If you saw an unknown, glowing object floating in the sky, you could assume it was a lot of things, including a UFO.
One Monroe County family says they still have no idea what they saw over their home last weekend, but they made sure they caught it on video so someone could figure it out.
"I have no idea. It could be a goverment thing, I don't know, it could be aliens. I have no idea," says Zach Rueckheim.
All Zach and his dad, Paul, knows is it was it was something weird.
"I always look out in the sky this way and all of a sudden I saw a light and it was like nothing I've ever seen before," Paul says.
"I didn't believe him at first so I came out and looked at it for a little bit then I went back in and got my camera," Zach says.
They spent nearly a half hour last Saturday night, watching the object floating not far from their farm outside of Sparta.
Changing colors between green and red, they can't explain what it was. But it wasn't just the changing colors that was weird, but how, as the Rueckheim's say, the object would appear and then just disappear.
Not ones to jump to conclusions, the Rueckheim's shot video for an answer. An answer one expert says might be pretty simple.

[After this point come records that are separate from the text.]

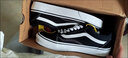 万斯（VANS）中性OldSkool帆布鞋/硫化鞋（延续款） VN000D3HY28 43 实拍图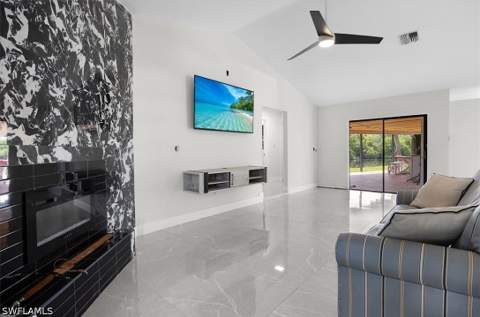 1318 Thompson St, North Fort Myers FL - photo 16 of 28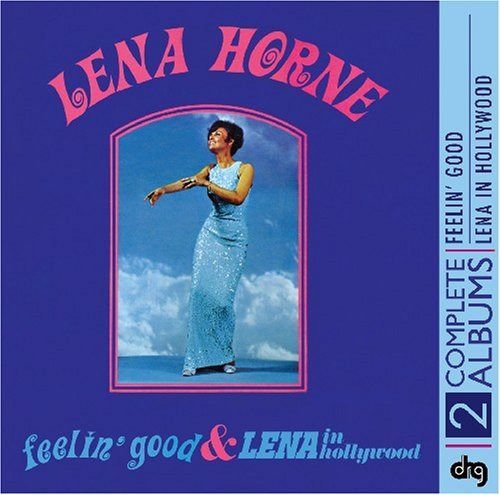 【CD】Lena Horne / Feelin' Good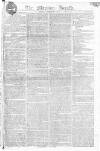 Morning Herald (London) Monday 11 October 1802 Page 1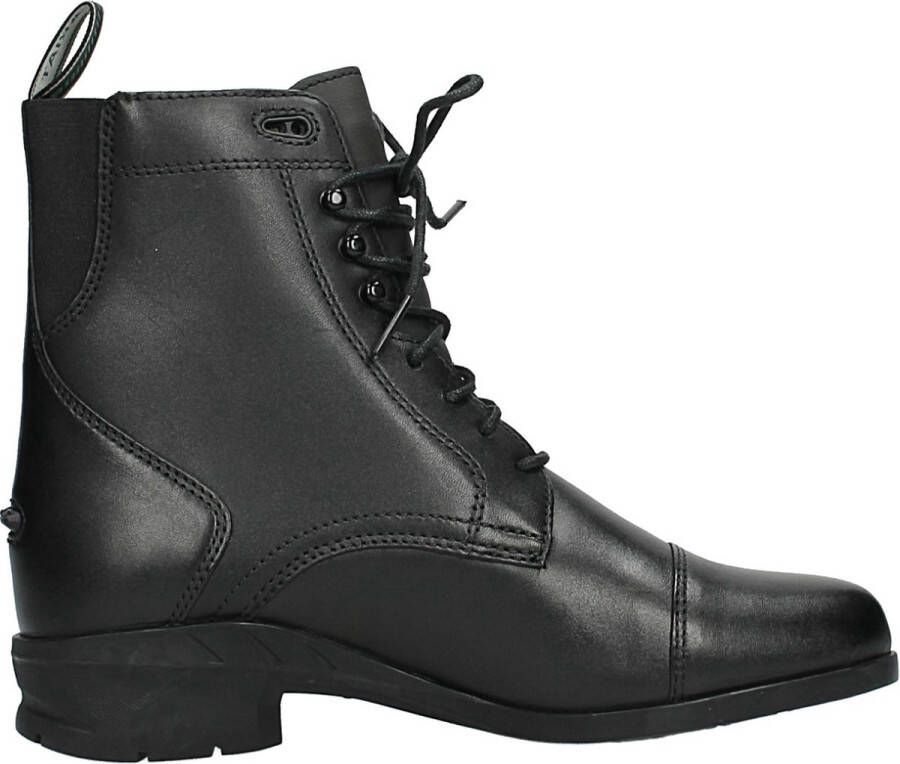 Ariat Women's Heritage IV Paddock Boot Black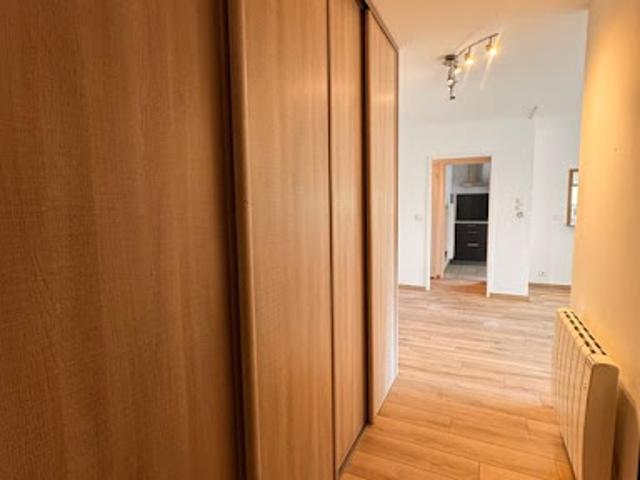 Location Appartement 4 pièces 80 m2 Lille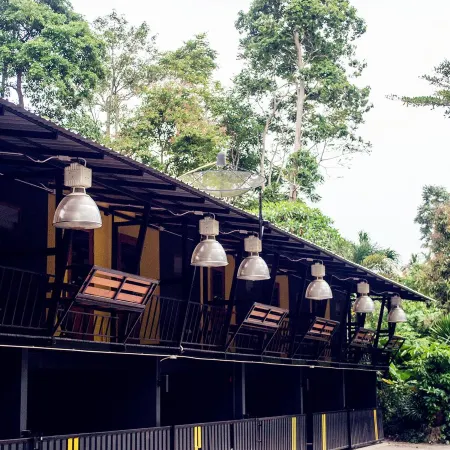 Baan Kao Kod
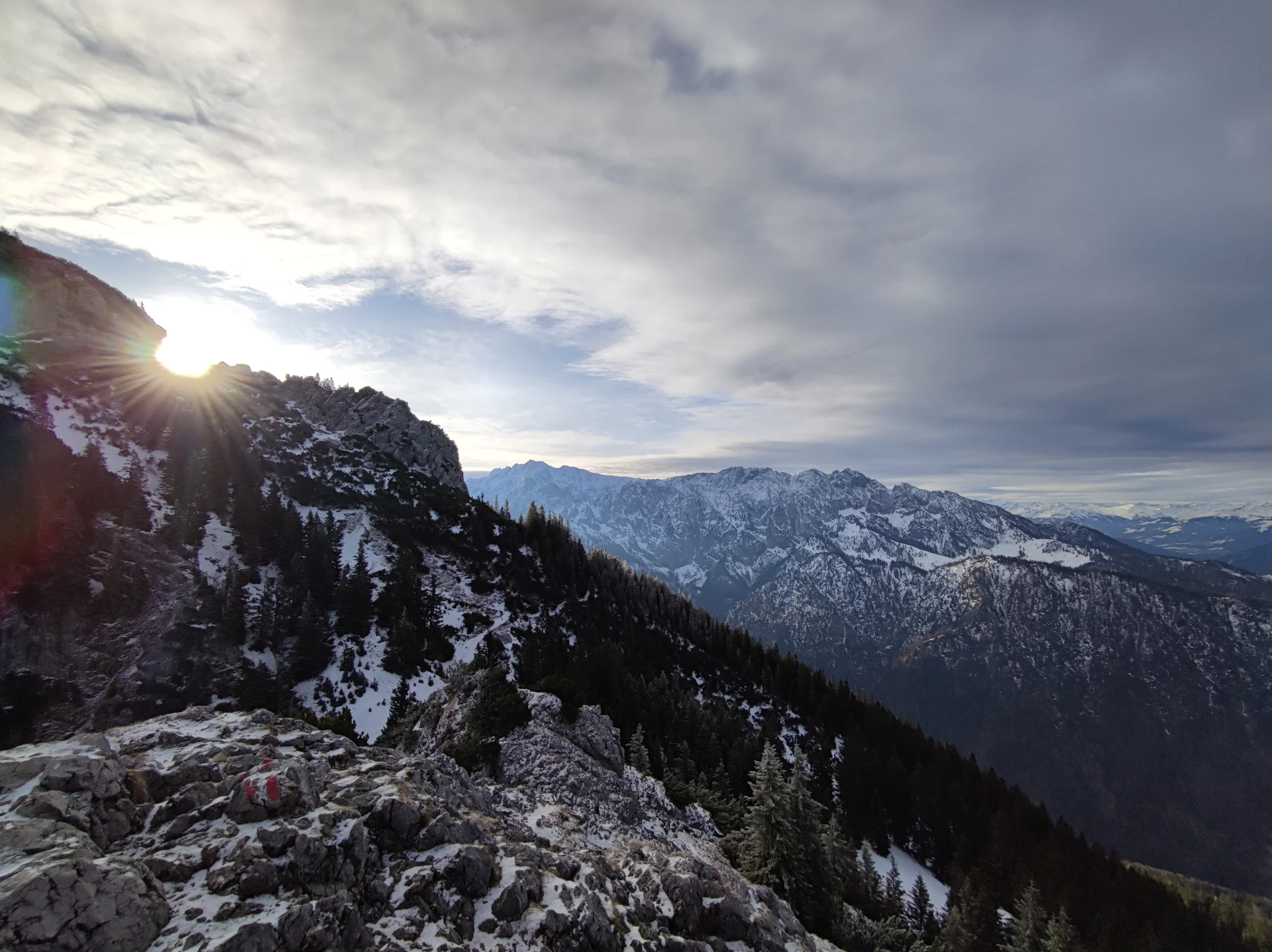 Vorderkaiserfeldenhütte | © Schlappinger Anna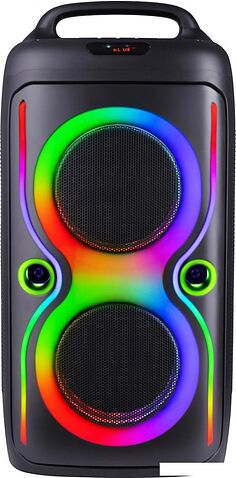 Патибокс Defender Boomer 75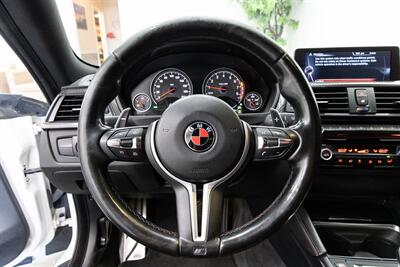 2015 BMW M4   - Photo 16 - Concord, CA 94520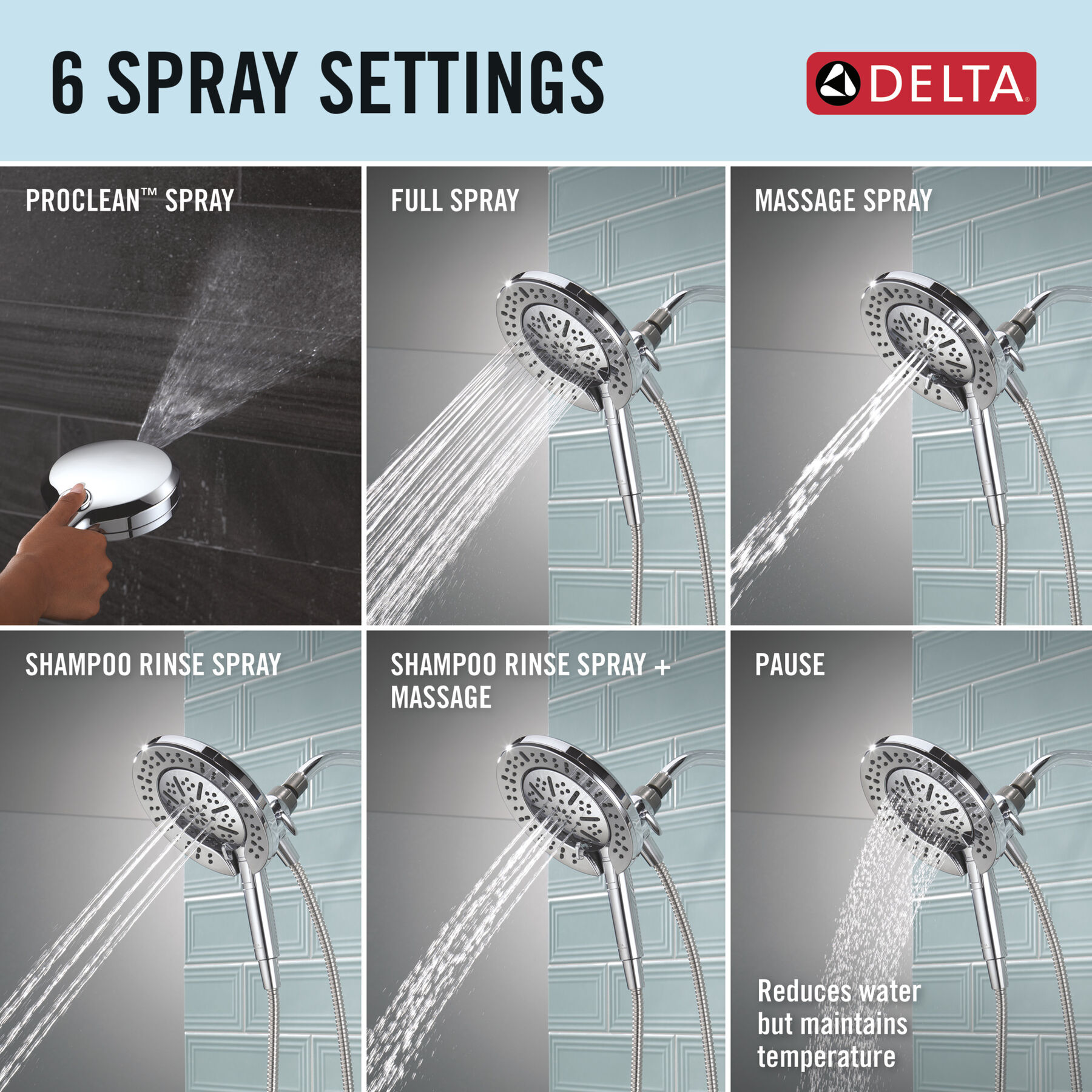 6-Setting In2ition®  with ProClean™, image 11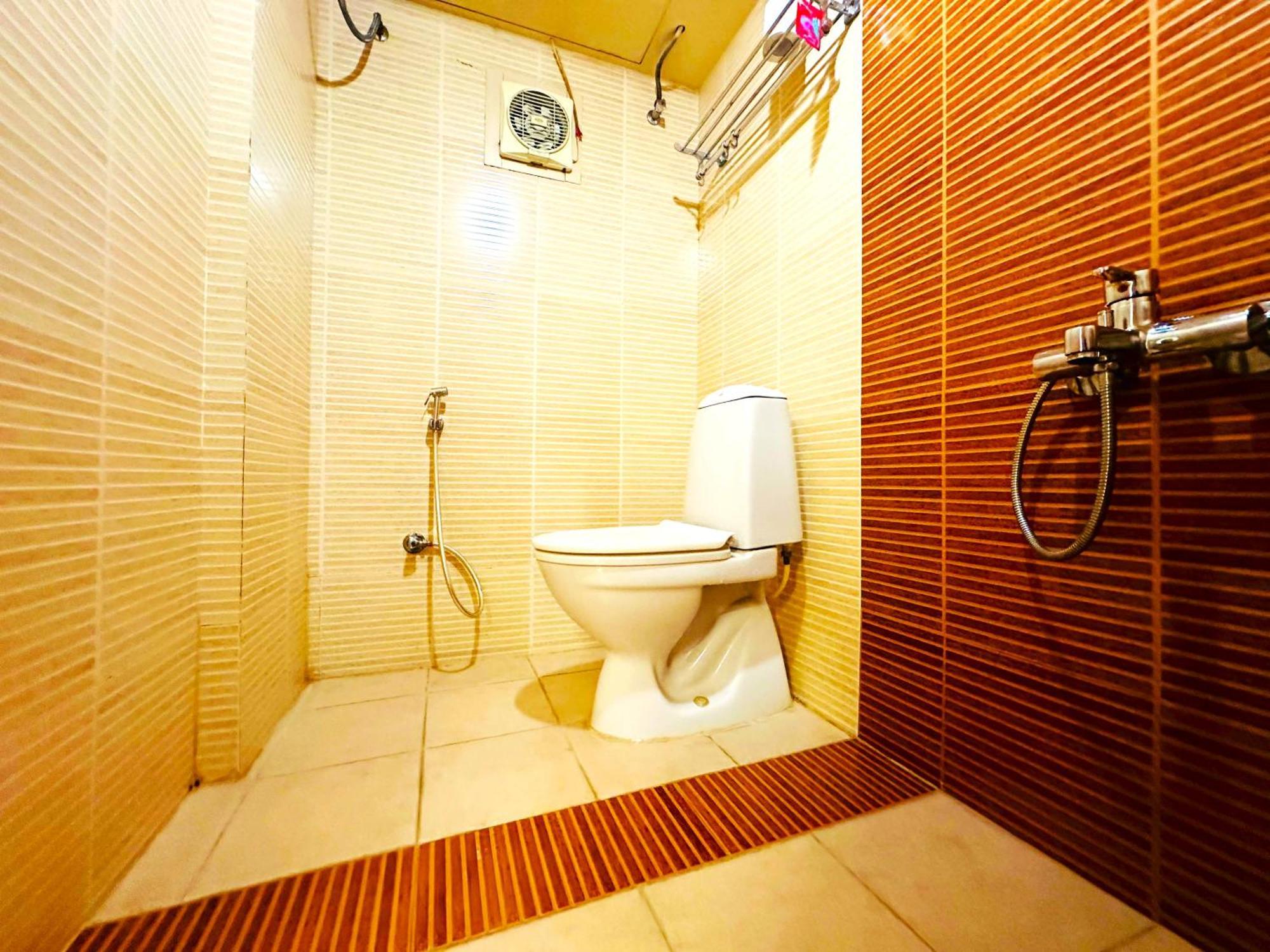 Aundh Elite Stay بونة المظهر الخارجي الصورة
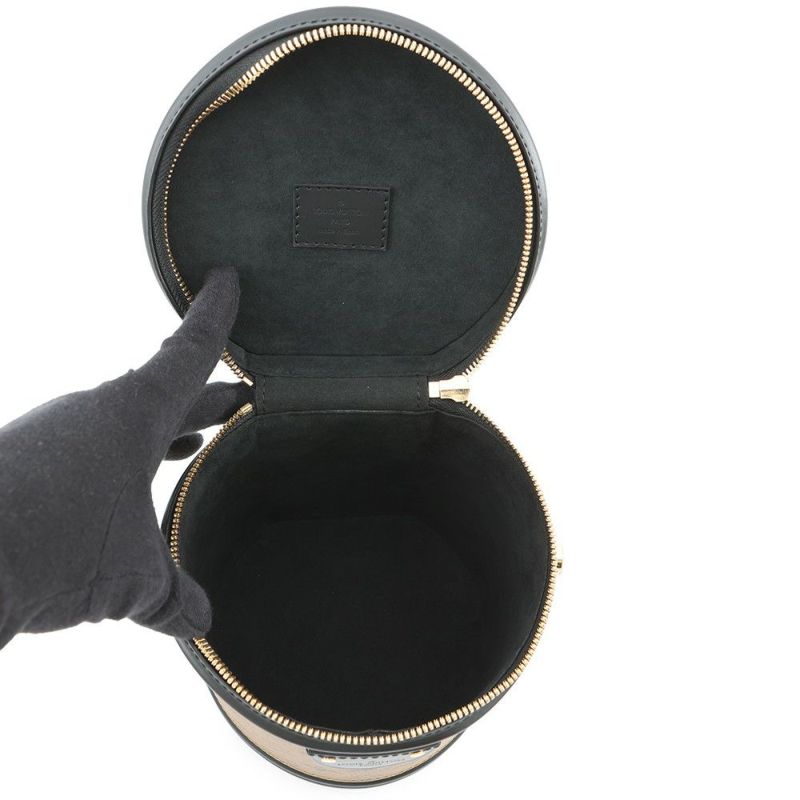 ルイヴィトン ハンドバッグ モノグラムリバース カンヌ M43986 LOUIS VUITTON ヴィトン バニティバッグ バッグ 2way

"I don't think it's a meteor," says Gordon Stewart, director of the UW-La Crosse Planetarium. "I don't think it's a comet. No comet I've ever seen behaves like that. I don't think it's a satellite because a satellite would move regular. I could suspect first by its behavior of being a weather balloon."
Although not as common as they used to be, Stewart says weather balloons would reflect light like this and can get very large in size.
But just in case, he too is looking into the glowing object.
"I always watch the sky, always watch the sky. When I come out to the barn there's no lights like the city so you can see tons of things," Paul says.
Even the things they can't explain.
NewsChannel 8 contacted the National Weather Service office in the Twin Cities. Their office launches weather balloons twice a day, at 6:00 am and 6:00 pm.
A representative says the object floating in the sky that was spotted Saturday evening in the skies near Sparta probably wasn't one of their balloons. They say their balloons would likely have already been on the ground.